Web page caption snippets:
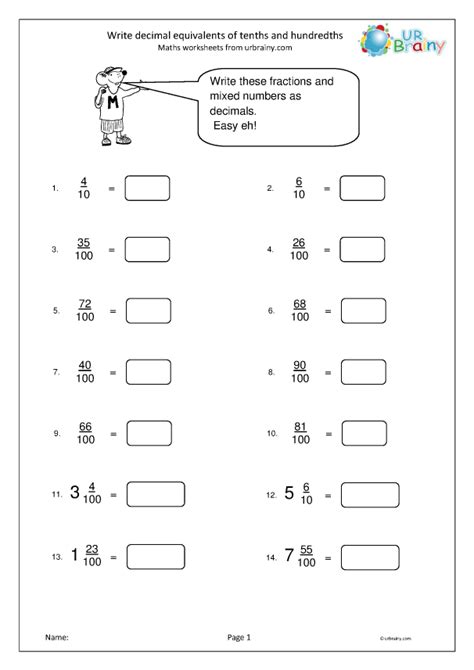 Write decimal equivalents of tenths and hundredths - Fraction and ...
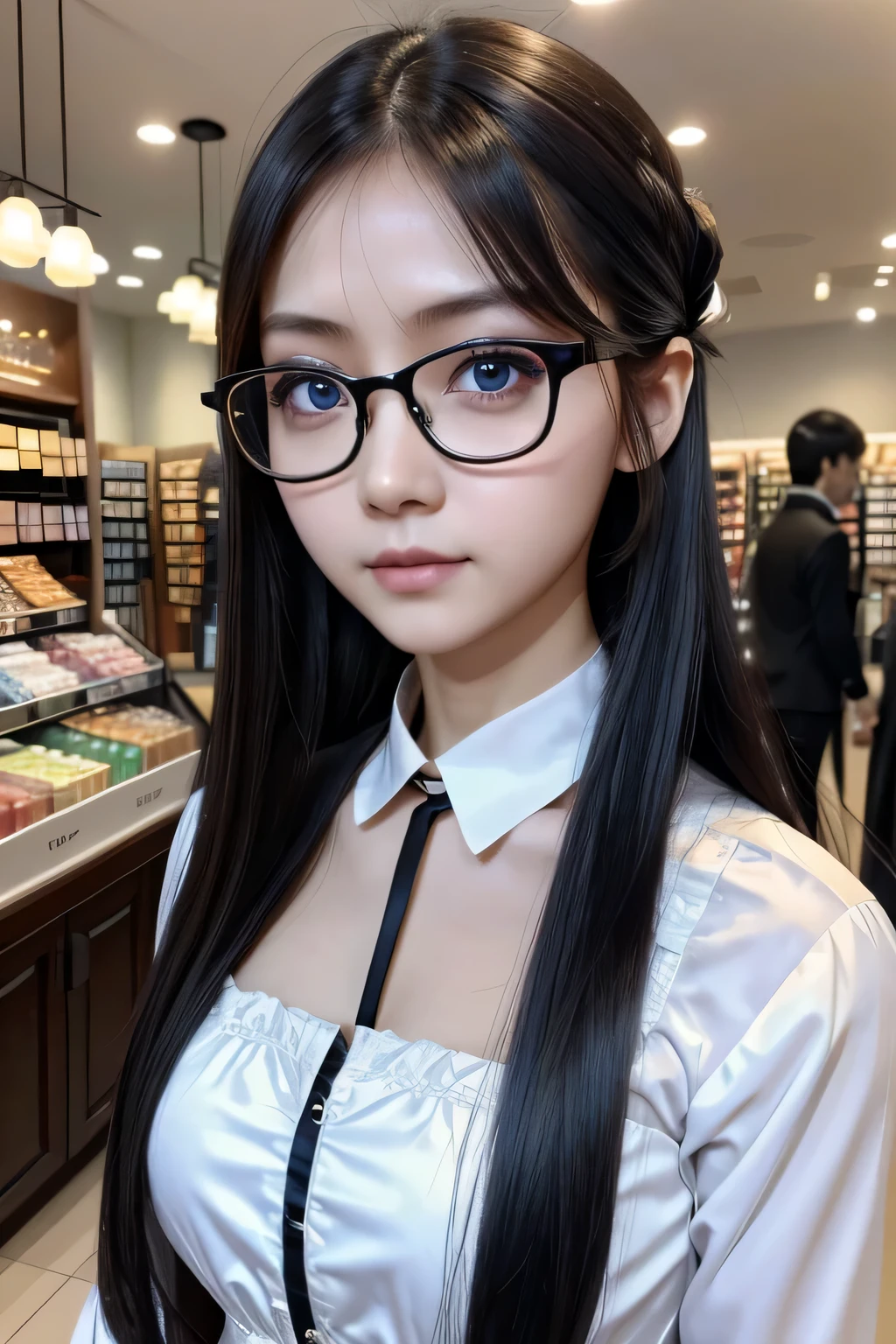 8k、High resolution、Kanban Lady、beautiful girl、gothic costume、young、white skin,、narrow eyes,high nose,lighting that illuminates the face、clear image、intellectual beauty、skinny、no makeup、anxious look、lighting that illuminates the face,shining hair、single eyelid,blue eyes、at the shop、vivid pose、female clerk,wearing glasses、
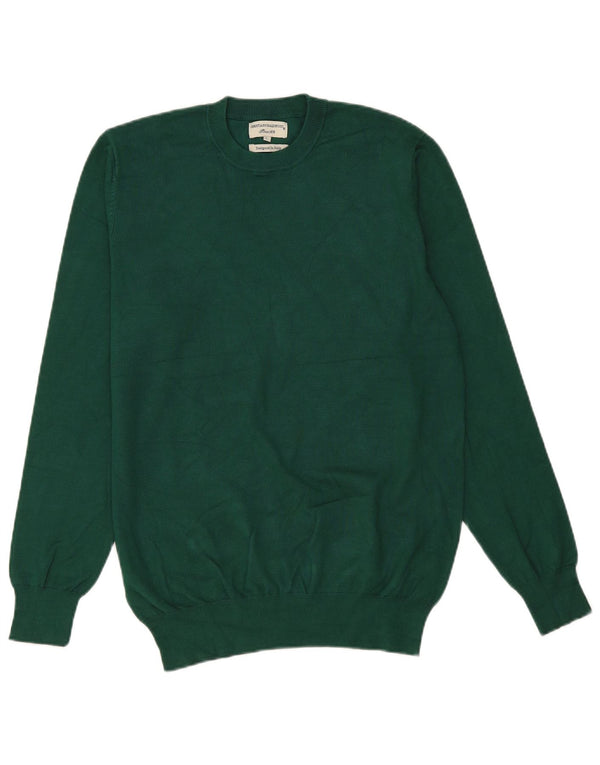 Vintage hombres cuello redondo jersey suéter grande viscosa verde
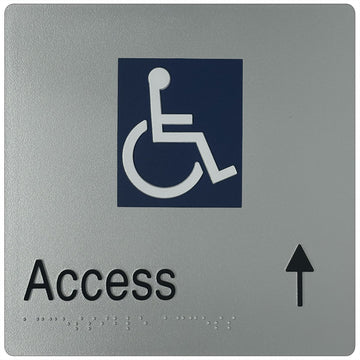 Accessible Entry Sign with Directional Arrow (F) - Plastic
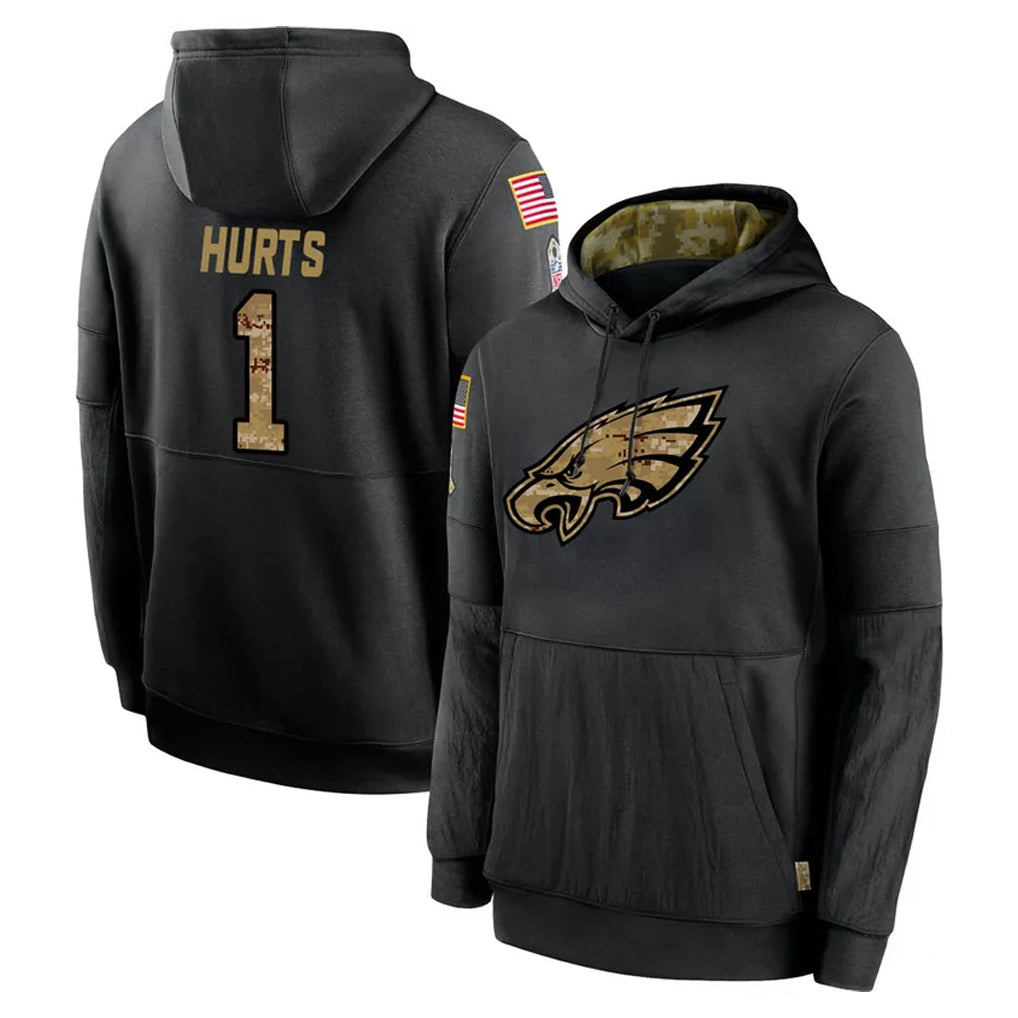 Parkc P.Eagles #1 Jalen Hurts Player Black Salute to Service Hoodies Limited Game Stitched Jerseys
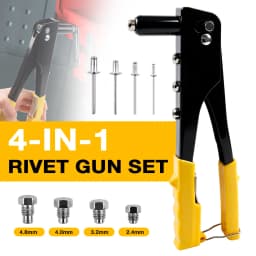 Professional Manual Rivet Gun Set Quick Riveting Tool Heavy Duty Hand Tool Set with Rivet Heads Effortless for Home Car Repair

Assignment: Each entry above is to be duplicated exactly, and its pictures omitted.

Finished task:
 Write decimal equivalents of tenths and hundredths - Fraction and ...
 8k、High resolution、Kanban Lady、beautiful girl、gothic costume、young、white skin,、narrow eyes,high nose,lighting that illuminates the face、clear image、intellectual beauty、skinny、no makeup、anxious look、lighting that illuminates the face,shining hair、single eyelid,blue eyes、at the shop、vivid pose、female clerk,wearing glasses、
 Vintage hombres cuello redondo jersey suéter grande viscosa verde
 Accessible Entry Sign with Directional Arrow (F) - Plastic
 Parkc P.Eagles #1 Jalen Hurts Player Black Salute to Service Hoodies Limited Game Stitched Jerseys
 Professional Manual Rivet Gun Set Quick Riveting Tool Heavy Duty Hand Tool Set with Rivet Heads Effortless for Home Car Repair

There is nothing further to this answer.